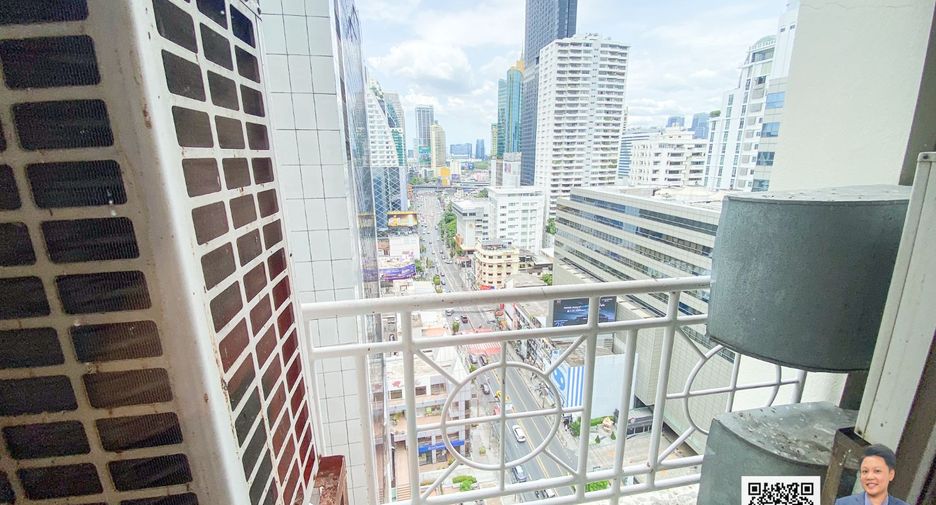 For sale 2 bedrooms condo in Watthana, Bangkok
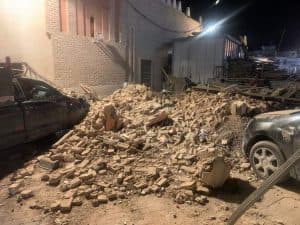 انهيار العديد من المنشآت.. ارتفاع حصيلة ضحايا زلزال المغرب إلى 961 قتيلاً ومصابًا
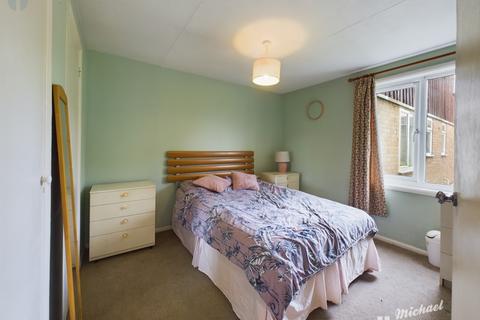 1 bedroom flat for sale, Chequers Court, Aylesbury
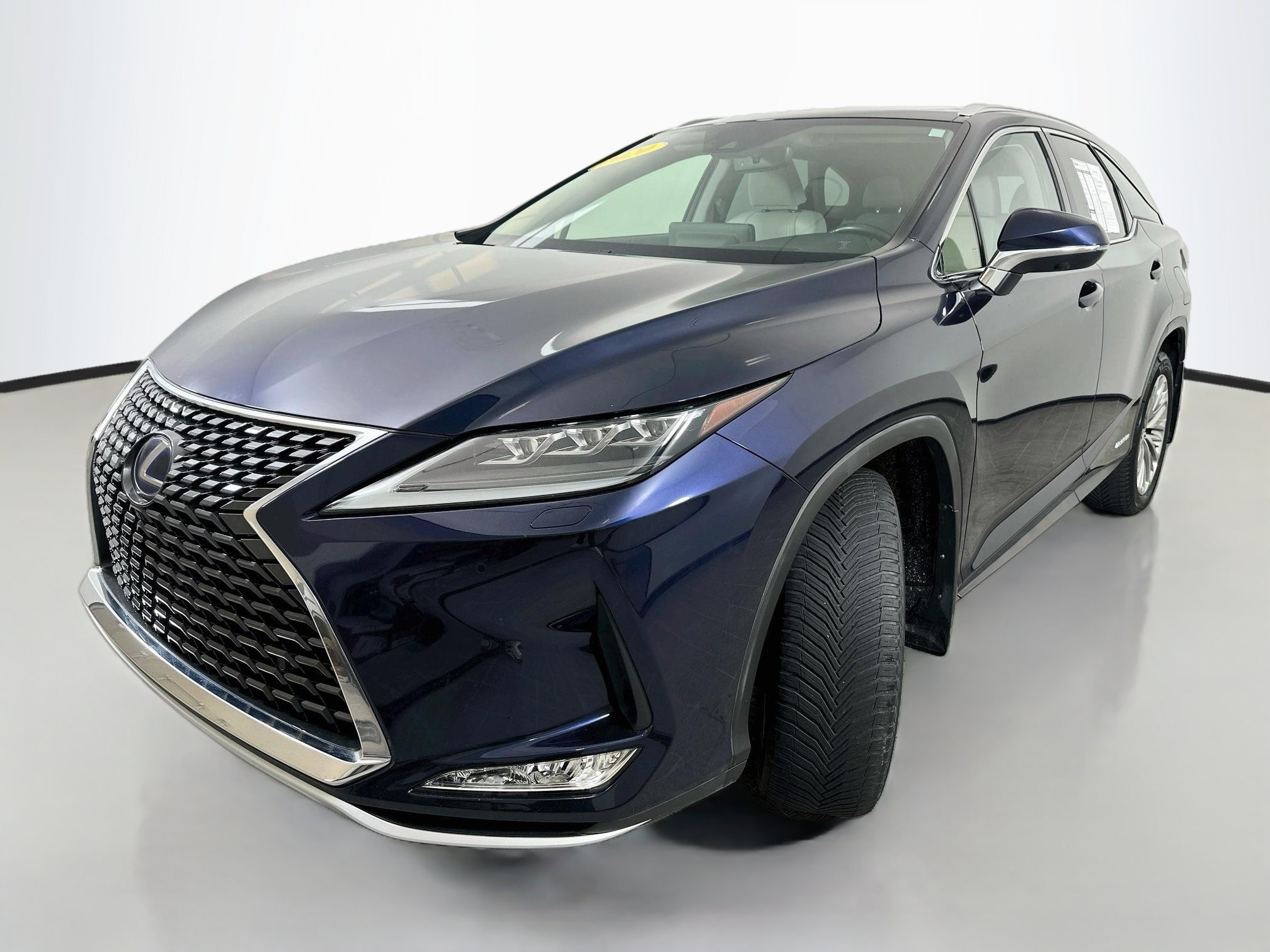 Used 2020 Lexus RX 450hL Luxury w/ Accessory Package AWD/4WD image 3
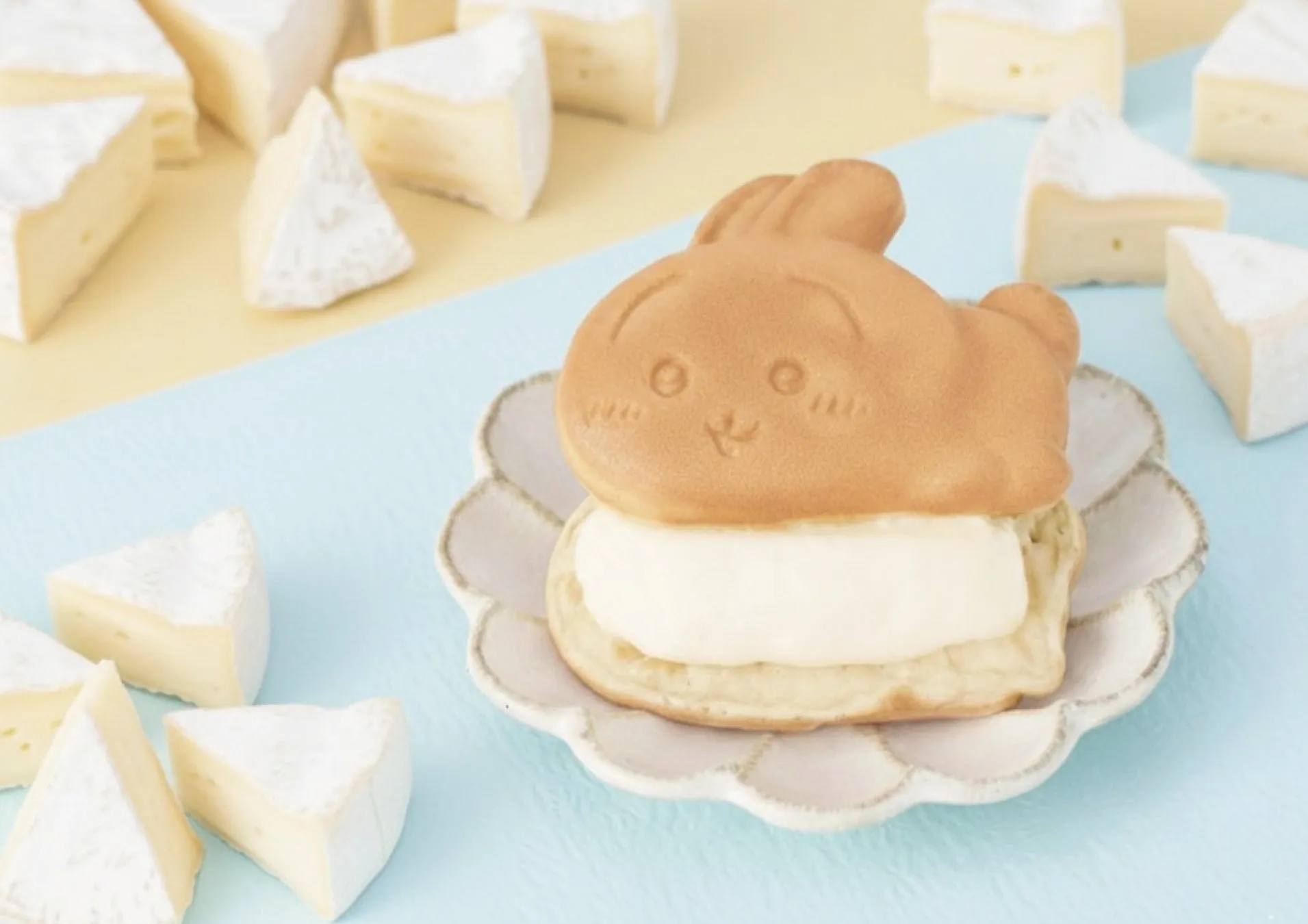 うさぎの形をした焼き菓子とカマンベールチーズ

+++

EXERCISE INSTRUCTIONS →
Give the records back exactly. Leave the pictures out.

EXERCISE RESPONSE →
 For sale 2 bedrooms condo in Watthana, Bangkok
 انهيار العديد من المنشآت.. ارتفاع حصيلة ضحايا زلزال المغرب إلى 961 قتيلاً ومصابًا
 1 bedroom flat for sale, Chequers Court, Aylesbury
 Used 2020 Lexus RX 450hL Luxury w/ Accessory Package AWD/4WD image 3
 うさぎの形をした焼き菓子とカマンベールチーズ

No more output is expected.